• Activity:
Nothing but the lines from the one showing "Distrito Manga On" through the final line of the data below belongs in the answer, duplicated exactly and without pictures.

• Provided material:

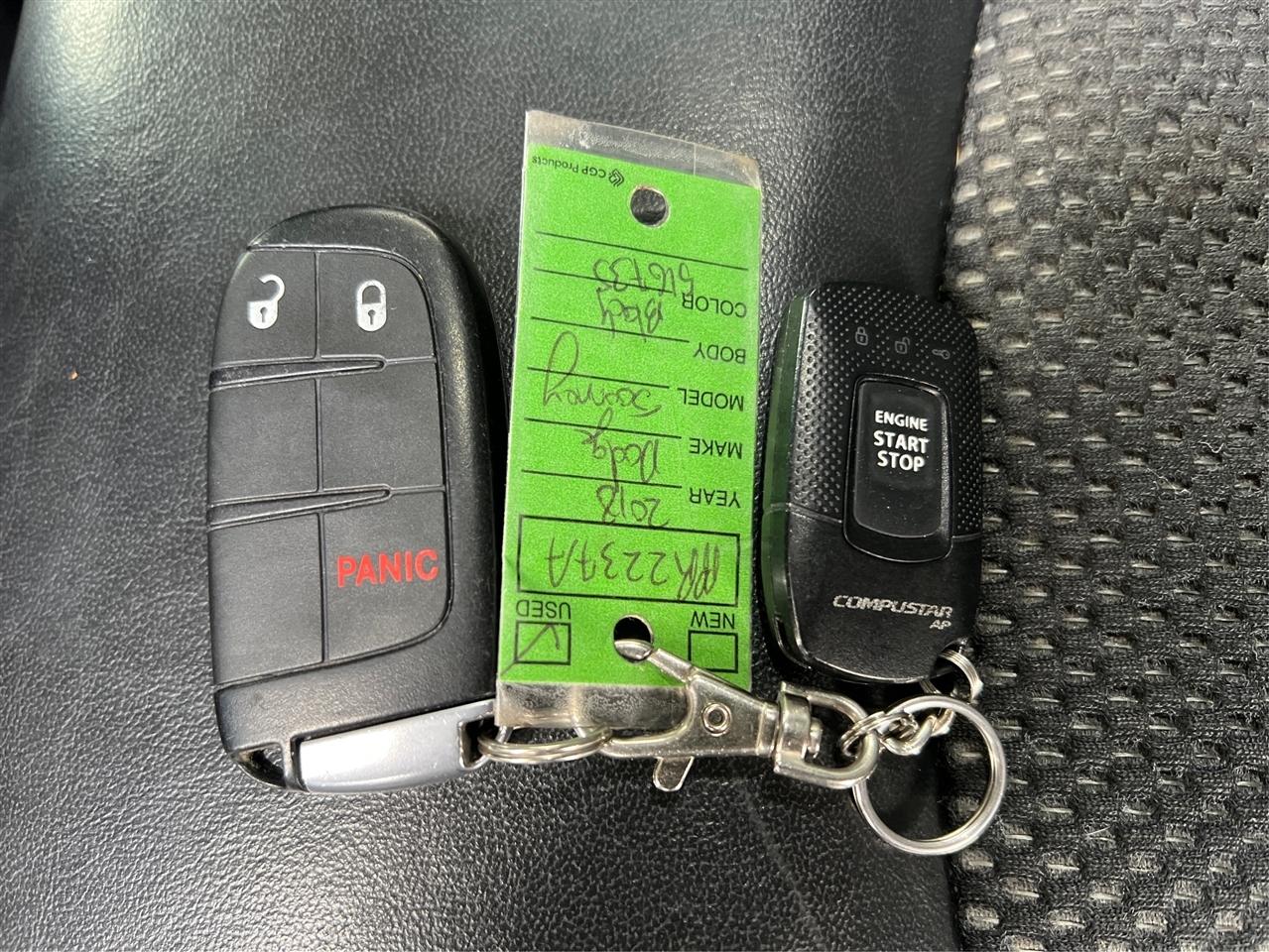 Dodge Journey Crossroad AWD 2018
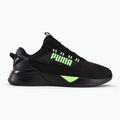Herren Laufschuhe PUMA Retaliate 2 schwarz-grün 376676 23 2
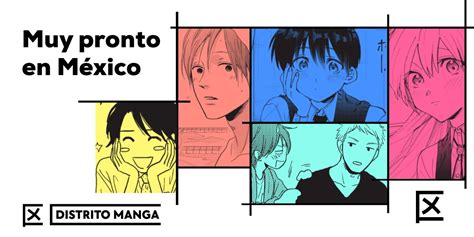 Distrito Manga On Twitter Irasshai Queridos Lectores Estamos Muy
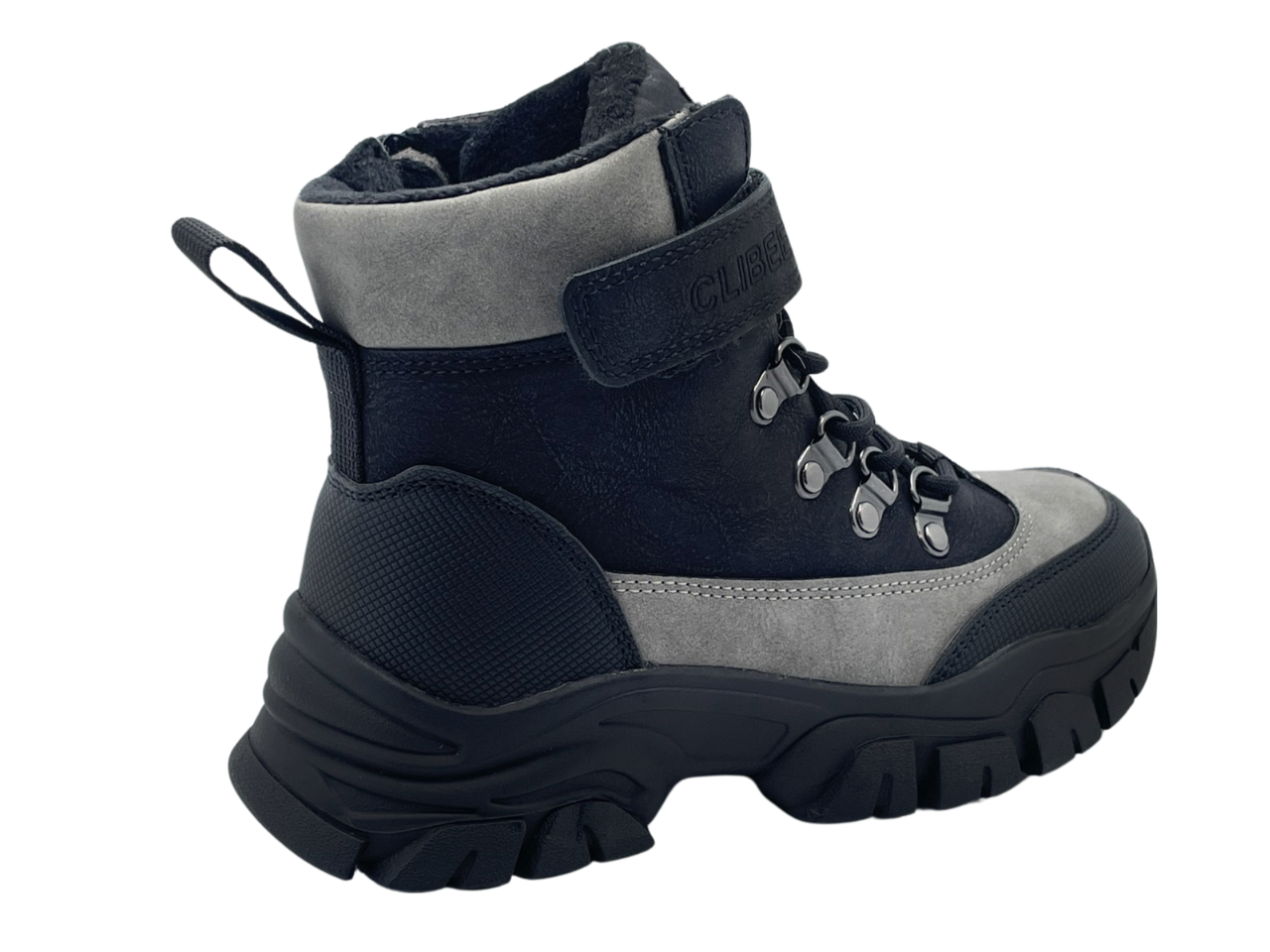 Черевики зимові для хлопчиків Clibee HC36688/32 р. 32 Чорний - фото 5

• The completed task:
 Distrito Manga On Twitter Irasshai Queridos Lectores Estamos Muy
 Черевики зимові для хлопчиків Clibee HC36688/32 р. 32 Чорний - фото 5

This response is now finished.